Specific strains of this bacteria were studied by whole genome sequencing which used average nucleotide identity, DNA-DNA hybridization, amino acid identity, core genome and nucleotide analyses, biochemical and cellular fatty acid analysis and antimicrobial susceptibility testing. The structure of Pseudoxanthomonas winnipegensis was investigated using scanning microscopes and transmission electron microscopes. The bacteria was found to be a gram-negative bacilli. Genome sequencing was analyzed using 16S rRNA. Findings showed the bacteria had a average genome size ranging from 4.36 to 4.73 Mb. The genome also has an average G+C content of 69.12 mol%. Additionally, genome sequencing found Pseudoxanthomonas winnipegensis has a circular chromosomal structure with 4,505,034 bases, and a CDS of 4077.
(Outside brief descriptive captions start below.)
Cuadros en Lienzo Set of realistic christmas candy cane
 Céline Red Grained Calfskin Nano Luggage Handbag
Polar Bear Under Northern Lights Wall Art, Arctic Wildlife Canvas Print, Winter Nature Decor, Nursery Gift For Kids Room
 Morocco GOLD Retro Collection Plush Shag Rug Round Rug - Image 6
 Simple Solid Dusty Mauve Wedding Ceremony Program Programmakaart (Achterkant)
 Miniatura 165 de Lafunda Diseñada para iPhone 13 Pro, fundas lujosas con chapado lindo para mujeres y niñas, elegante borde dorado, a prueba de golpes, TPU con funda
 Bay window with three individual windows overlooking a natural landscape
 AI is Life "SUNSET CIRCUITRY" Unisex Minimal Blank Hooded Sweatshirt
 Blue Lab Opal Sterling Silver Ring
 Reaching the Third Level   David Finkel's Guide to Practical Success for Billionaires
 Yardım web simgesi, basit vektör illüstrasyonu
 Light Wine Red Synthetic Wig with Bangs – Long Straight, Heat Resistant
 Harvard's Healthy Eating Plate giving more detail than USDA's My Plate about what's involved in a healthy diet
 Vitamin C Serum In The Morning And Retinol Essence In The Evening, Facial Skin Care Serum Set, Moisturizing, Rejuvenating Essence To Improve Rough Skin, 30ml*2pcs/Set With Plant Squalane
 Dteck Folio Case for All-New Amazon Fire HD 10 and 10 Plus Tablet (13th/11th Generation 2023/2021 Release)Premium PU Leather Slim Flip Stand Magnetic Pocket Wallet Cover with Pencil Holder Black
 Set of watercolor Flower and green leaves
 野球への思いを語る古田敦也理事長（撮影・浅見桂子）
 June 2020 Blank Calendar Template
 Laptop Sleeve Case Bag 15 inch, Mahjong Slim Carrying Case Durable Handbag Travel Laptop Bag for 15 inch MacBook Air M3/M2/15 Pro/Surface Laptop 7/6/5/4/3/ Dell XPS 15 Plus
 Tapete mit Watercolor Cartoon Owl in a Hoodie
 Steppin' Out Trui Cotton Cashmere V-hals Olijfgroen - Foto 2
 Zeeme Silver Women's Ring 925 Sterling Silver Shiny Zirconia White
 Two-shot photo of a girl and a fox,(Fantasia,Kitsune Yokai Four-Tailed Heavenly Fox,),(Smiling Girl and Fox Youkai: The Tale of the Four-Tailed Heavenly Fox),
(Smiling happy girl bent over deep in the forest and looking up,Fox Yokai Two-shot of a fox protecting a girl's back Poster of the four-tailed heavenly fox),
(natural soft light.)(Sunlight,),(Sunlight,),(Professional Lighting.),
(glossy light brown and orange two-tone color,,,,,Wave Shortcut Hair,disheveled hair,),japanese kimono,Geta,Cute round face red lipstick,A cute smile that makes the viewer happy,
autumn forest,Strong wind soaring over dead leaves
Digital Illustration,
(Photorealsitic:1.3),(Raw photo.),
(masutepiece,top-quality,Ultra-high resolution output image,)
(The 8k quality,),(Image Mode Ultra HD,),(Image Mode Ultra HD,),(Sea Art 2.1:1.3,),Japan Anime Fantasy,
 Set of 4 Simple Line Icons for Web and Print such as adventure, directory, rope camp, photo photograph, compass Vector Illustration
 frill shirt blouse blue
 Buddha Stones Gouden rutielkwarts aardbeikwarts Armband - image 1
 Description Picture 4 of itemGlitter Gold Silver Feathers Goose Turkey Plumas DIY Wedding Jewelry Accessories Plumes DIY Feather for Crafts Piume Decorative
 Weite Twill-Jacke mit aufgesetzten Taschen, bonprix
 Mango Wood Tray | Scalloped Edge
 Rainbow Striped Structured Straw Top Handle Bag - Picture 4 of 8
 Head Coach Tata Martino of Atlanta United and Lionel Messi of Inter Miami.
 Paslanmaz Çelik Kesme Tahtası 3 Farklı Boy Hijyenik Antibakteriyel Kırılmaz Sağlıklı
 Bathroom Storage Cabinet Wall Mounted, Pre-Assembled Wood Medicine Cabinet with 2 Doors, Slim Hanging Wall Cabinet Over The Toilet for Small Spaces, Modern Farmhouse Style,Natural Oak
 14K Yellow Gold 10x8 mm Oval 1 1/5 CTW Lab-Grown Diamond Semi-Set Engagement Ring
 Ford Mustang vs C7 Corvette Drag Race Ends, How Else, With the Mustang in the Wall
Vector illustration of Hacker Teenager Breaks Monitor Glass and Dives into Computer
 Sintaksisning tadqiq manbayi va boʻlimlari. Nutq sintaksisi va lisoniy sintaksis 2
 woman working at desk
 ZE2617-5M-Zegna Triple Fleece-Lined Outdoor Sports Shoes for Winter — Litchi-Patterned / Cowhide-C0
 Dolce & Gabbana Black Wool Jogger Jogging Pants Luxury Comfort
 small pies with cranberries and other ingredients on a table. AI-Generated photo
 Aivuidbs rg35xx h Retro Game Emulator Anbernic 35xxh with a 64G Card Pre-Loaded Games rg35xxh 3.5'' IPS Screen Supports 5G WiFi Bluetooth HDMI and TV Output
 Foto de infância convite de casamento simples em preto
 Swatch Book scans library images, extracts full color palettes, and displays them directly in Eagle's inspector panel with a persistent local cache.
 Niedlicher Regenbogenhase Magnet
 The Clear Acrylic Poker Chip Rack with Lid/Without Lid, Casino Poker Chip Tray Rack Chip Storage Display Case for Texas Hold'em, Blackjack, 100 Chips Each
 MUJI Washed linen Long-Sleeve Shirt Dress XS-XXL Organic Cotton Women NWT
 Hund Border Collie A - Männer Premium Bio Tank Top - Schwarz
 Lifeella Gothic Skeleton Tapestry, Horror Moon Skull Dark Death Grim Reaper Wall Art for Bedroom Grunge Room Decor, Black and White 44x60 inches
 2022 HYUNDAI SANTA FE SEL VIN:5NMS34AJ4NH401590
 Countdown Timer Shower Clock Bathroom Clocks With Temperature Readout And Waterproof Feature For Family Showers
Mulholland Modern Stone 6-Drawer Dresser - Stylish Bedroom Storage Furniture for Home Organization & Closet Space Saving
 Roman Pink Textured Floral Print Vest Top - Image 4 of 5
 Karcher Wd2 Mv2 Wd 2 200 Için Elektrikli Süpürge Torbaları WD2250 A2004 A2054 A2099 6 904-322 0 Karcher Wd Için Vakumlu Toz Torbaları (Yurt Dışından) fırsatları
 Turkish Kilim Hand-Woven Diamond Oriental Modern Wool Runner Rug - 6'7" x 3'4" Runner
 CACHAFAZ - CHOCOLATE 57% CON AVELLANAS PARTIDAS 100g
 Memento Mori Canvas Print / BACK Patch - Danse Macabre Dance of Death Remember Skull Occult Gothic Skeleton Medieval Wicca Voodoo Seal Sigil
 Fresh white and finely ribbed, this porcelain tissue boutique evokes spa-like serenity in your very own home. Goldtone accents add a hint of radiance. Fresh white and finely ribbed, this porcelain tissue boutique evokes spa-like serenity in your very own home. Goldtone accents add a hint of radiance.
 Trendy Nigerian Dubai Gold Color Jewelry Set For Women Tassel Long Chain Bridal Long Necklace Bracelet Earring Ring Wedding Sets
Cell Structure, Metabolism and Life Cycle

Pseudoxanthomonas winnipegensis is gram-negative bacilli with a yellowish pigment. Additionally, research has found they are aerobes, oxidative and non-motile. The bacteria is susceptible to most antibiotics. In the laboratory, Pseudoxanthomonas winnipegensis isolates had 0.5 mm −1 mm, convex, yellowish-beige colonies when grown on agar. The colonies are medium-length, slightly curved and asporogenous. It is able to oxidize/assimilate glucose, lactose, sucrose, maltose and fructose.

Ecology and Pathogenesis

Pseudoxanthomonas winnipegensis obtained its name from Winnipeg Manitoba Canada, where the species strains were characterized. Pseudoxanthomonas winnipegensis grows at an optimal temperature of 35–37 °C in 5 % CO2. Cultures were found to have limited growth at 25 °C or 42 °C. The bacteria does grow aerobically, however does not grow anaerobically. Additionally, Pseudoxanthomonas winnipegensis is catalase positive and is able to oxidize glucose, lactose, sucrose, maltose, and fructose. New research found strains of this bacteria recovered from ear and throat samples from patients with cystic fibrosis, specifically from ear infections, dialysate and a sinus specimen. There is a lack of information on P. winnipegensis at the time due to the recency of its discovery, however similar Pseudoxanthomonas species found in rhizosphere soil possessed a broad spectrum of antimicrobial activity against pathogenic microorganisms.

References

[Bernard, K. A., Vachon, A., Pacheco, A. L., Burdz, T., Wiebe, D., Beniac, D. R., Hiebert, S. L., Booth, T., Doyle, D. A., Lawson, P., & Bernier, A. M. (2020). Pseudoxanthomonas winnipegensis sp. nov., derived from human clinical materials and recovered from cystic fibrosis and other patient types in Canada, and emendation of Pseudoxanthomonas spadix Young et al. 2007. International journal of systematic and evolutionary microbiology, 70(12), 6313–6322. https://doi.org/10.1099/ijsem.0.004533.]

[Nayaka, S. 2019. Isolation, characterization, and functional groups analysis of Pseudoxanthomonas indica RSA-23 from rhizosphere soil. Journal of Applied Pharmaceutical Science Vol. 9(11), pp 101-106. DOI: 10.7324/JAPS.2019.91113]

Author

Page authored by Bella Manfredi, student of Prof. Bradley Tolar at UNC Wilmington.